# What to produce
Write out exactly the lines running from the one with "TUMBEELLUWA 1Pc Natural" to the last line of the entries, keeping both the first and the last.

# Excerpts from a dataset

★ ★ ★

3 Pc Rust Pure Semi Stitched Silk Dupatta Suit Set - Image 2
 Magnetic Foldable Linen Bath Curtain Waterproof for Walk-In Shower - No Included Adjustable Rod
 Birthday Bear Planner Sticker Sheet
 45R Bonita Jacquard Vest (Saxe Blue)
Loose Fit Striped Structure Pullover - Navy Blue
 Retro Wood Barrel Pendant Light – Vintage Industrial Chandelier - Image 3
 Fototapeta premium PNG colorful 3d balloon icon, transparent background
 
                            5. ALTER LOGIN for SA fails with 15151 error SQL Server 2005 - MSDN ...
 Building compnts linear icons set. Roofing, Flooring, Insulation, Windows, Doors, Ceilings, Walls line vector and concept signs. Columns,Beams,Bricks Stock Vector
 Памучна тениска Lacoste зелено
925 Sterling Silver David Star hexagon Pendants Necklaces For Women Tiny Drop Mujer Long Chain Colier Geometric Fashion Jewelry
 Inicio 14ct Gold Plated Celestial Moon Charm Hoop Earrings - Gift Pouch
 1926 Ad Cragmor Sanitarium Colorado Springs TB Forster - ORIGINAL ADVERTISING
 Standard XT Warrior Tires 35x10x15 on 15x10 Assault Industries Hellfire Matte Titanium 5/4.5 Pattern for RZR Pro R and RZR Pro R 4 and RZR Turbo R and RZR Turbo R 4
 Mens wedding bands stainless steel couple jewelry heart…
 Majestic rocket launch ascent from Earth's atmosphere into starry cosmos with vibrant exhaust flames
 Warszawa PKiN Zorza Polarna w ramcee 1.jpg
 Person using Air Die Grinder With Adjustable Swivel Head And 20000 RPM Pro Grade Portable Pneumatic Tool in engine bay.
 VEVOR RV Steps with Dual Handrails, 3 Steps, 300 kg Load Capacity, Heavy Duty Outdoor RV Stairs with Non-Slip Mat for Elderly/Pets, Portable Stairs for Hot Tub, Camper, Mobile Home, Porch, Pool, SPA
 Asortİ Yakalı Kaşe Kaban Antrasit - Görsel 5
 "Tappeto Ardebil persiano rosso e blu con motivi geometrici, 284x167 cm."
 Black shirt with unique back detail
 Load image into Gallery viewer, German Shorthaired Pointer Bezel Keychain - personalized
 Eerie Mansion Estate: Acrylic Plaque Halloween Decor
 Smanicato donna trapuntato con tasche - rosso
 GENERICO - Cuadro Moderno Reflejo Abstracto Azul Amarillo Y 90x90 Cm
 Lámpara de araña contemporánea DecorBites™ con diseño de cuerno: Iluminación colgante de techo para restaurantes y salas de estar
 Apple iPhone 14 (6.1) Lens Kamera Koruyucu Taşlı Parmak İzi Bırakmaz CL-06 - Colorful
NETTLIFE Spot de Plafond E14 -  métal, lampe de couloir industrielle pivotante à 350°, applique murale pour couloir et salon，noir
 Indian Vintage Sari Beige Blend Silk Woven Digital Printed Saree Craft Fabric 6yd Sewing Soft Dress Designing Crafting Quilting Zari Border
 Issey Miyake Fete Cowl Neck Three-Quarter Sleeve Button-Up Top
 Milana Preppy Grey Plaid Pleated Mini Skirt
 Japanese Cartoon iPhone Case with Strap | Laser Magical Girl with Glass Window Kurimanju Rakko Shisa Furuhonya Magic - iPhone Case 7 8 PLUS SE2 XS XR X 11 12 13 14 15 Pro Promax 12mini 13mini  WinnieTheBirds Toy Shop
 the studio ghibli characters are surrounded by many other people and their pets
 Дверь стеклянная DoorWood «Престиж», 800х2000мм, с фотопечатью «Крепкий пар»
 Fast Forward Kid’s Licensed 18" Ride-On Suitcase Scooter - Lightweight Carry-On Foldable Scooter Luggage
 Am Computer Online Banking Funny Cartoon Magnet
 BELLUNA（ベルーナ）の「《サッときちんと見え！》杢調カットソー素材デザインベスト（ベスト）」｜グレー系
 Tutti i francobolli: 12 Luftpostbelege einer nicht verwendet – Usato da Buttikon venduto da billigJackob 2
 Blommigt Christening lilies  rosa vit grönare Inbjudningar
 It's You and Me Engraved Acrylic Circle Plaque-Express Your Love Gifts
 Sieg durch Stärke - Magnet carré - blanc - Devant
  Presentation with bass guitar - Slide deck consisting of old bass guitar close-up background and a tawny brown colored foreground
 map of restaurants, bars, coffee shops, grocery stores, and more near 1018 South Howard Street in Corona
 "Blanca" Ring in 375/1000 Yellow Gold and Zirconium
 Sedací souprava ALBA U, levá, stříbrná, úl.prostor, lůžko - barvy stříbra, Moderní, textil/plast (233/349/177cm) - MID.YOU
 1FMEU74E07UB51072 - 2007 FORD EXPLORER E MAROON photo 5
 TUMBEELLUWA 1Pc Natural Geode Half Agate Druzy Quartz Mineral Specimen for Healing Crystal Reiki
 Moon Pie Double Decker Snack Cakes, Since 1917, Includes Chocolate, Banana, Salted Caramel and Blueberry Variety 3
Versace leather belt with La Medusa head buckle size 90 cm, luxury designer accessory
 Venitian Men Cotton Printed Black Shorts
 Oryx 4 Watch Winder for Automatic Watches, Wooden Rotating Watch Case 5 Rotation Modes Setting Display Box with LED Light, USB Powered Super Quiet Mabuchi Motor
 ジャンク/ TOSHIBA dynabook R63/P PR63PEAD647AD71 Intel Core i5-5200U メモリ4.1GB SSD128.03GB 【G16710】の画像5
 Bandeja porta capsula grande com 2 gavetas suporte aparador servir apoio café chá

★ ★ ★

# Reply
 TUMBEELLUWA 1Pc Natural Geode Half Agate Druzy Quartz Mineral Specimen for Healing Crystal Reiki
 Moon Pie Double Decker Snack Cakes, Since 1917, Includes Chocolate, Banana, Salted Caramel and Blueberry Variety 3
Versace leather belt with La Medusa head buckle size 90 cm, luxury designer accessory
 Venitian Men Cotton Printed Black Shorts
 Oryx 4 Watch Winder for Automatic Watches, Wooden Rotating Watch Case 5 Rotation Modes Setting Display Box with LED Light, USB Powered Super Quiet Mabuchi Motor
 ジャンク/ TOSHIBA dynabook R63/P PR63PEAD647AD71 Intel Core i5-5200U メモリ4.1GB SSD128.03GB 【G16710】の画像5
 Bandeja porta capsula grande com 2 gavetas suporte aparador servir apoio café chá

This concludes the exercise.